Task statement: Retype exactly the lines below, starting with the line that contains "Pig's Cowhide Split" and ending with the last line; leave out any pictures.

Supplied material:
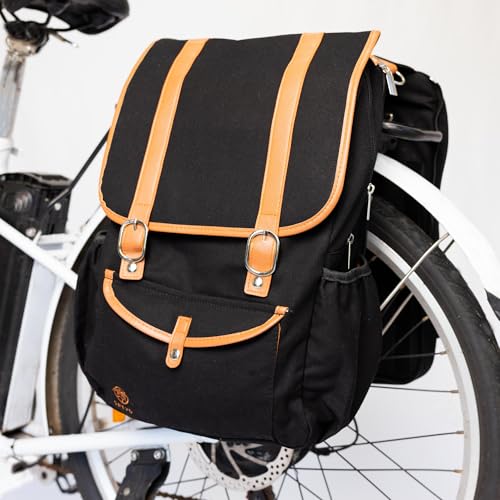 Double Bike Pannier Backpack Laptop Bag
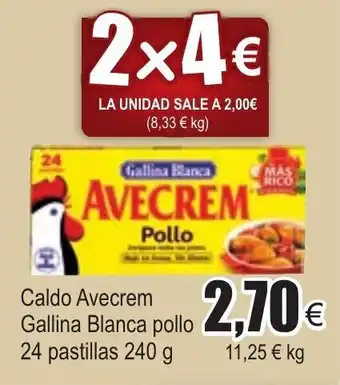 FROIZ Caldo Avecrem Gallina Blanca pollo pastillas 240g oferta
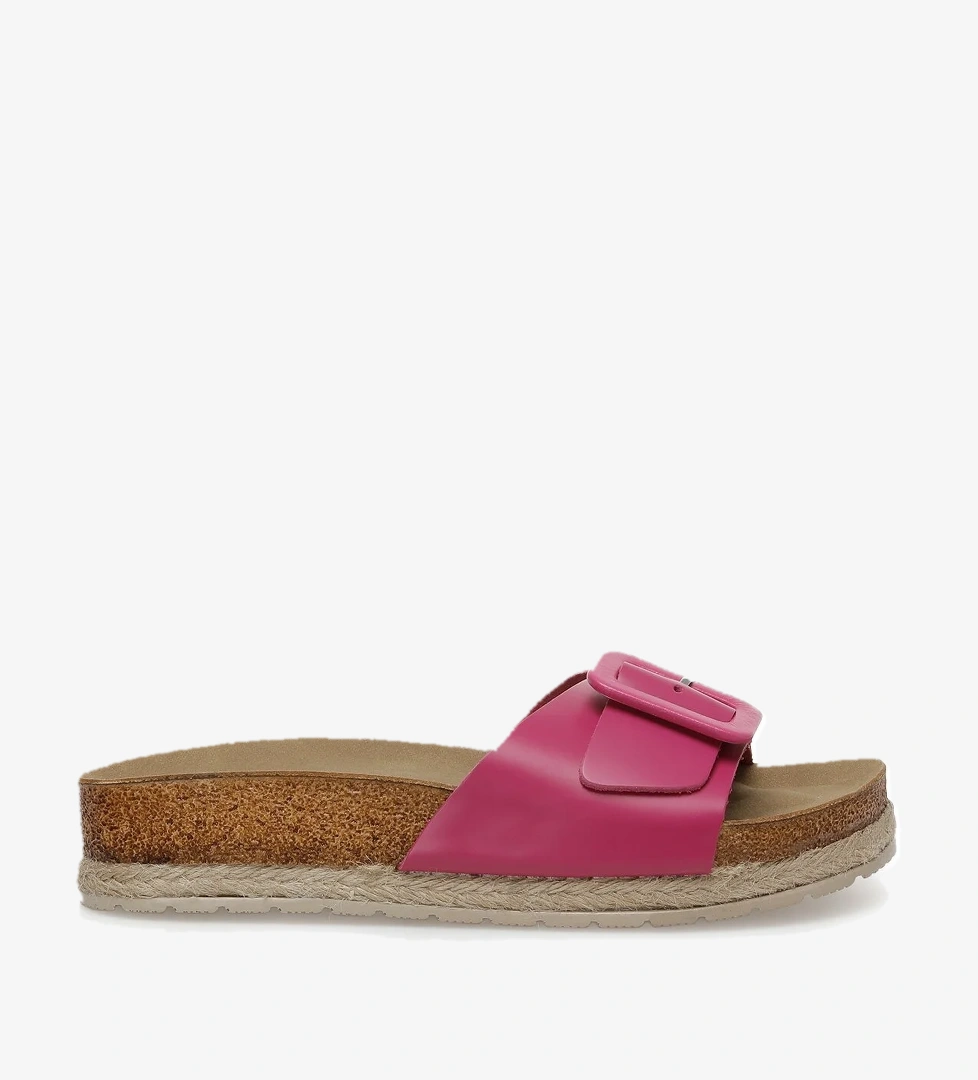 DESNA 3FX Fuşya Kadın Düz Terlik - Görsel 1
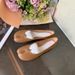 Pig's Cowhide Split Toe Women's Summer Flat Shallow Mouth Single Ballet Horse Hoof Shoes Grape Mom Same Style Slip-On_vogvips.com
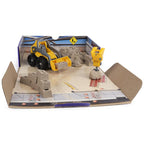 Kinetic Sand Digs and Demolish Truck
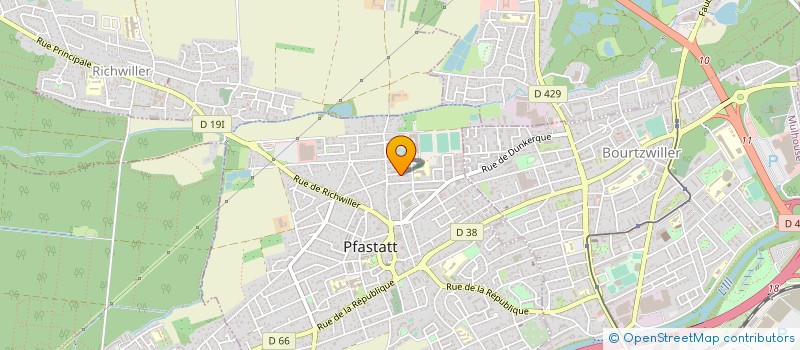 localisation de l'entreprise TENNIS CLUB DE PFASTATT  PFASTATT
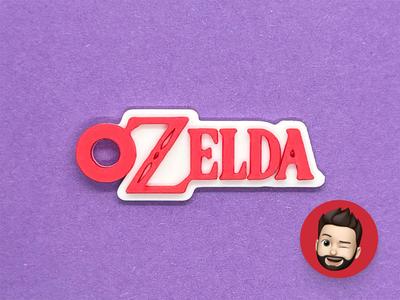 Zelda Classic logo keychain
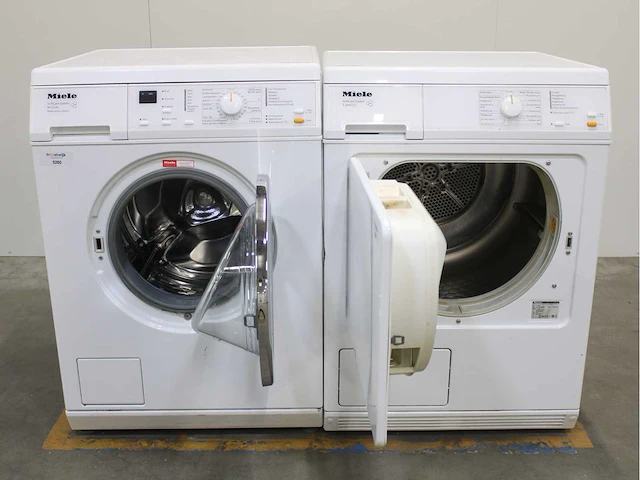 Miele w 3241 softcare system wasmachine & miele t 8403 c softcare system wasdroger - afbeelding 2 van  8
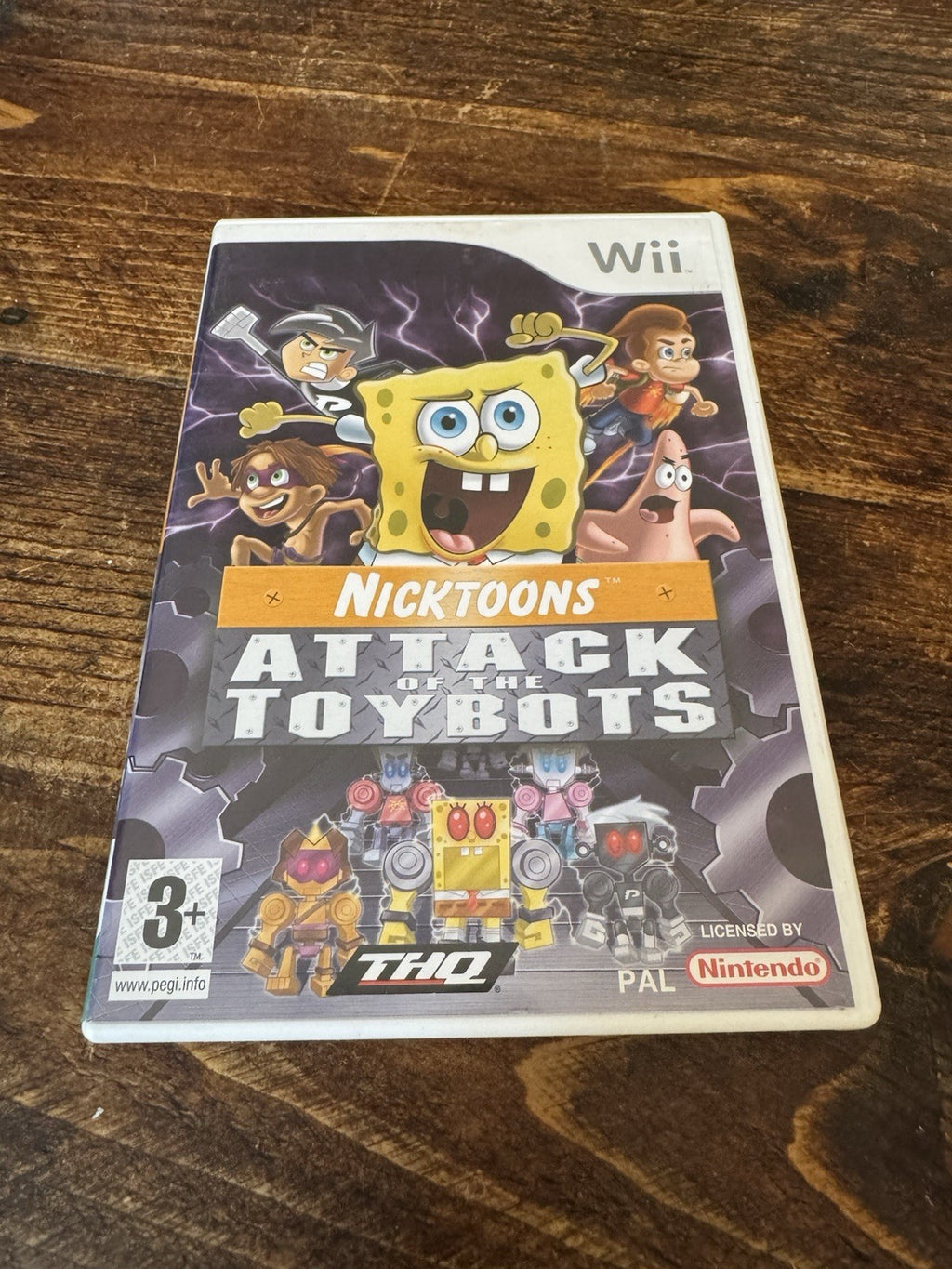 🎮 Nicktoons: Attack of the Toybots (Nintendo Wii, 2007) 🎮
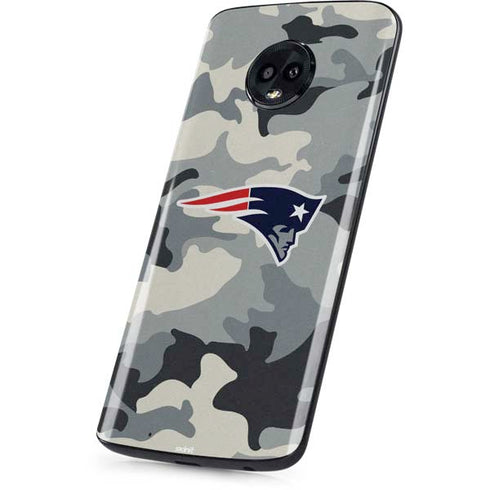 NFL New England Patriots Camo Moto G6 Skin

Expected answer:
 Pig's Cowhide Split Toe Women's Summer Flat Shallow Mouth Single Ballet Horse Hoof Shoes Grape Mom Same Style Slip-On_vogvips.com
 Kinetic Sand Digs and Demolish Truck
 localisation de l'entreprise TENNIS CLUB DE PFASTATT  PFASTATT
 Zelda Classic logo keychain
 Miele w 3241 softcare system wasmachine & miele t 8403 c softcare system wasdroger - afbeelding 2 van  8
 🎮 Nicktoons: Attack of the Toybots (Nintendo Wii, 2007) 🎮
 NFL New England Patriots Camo Moto G6 Skin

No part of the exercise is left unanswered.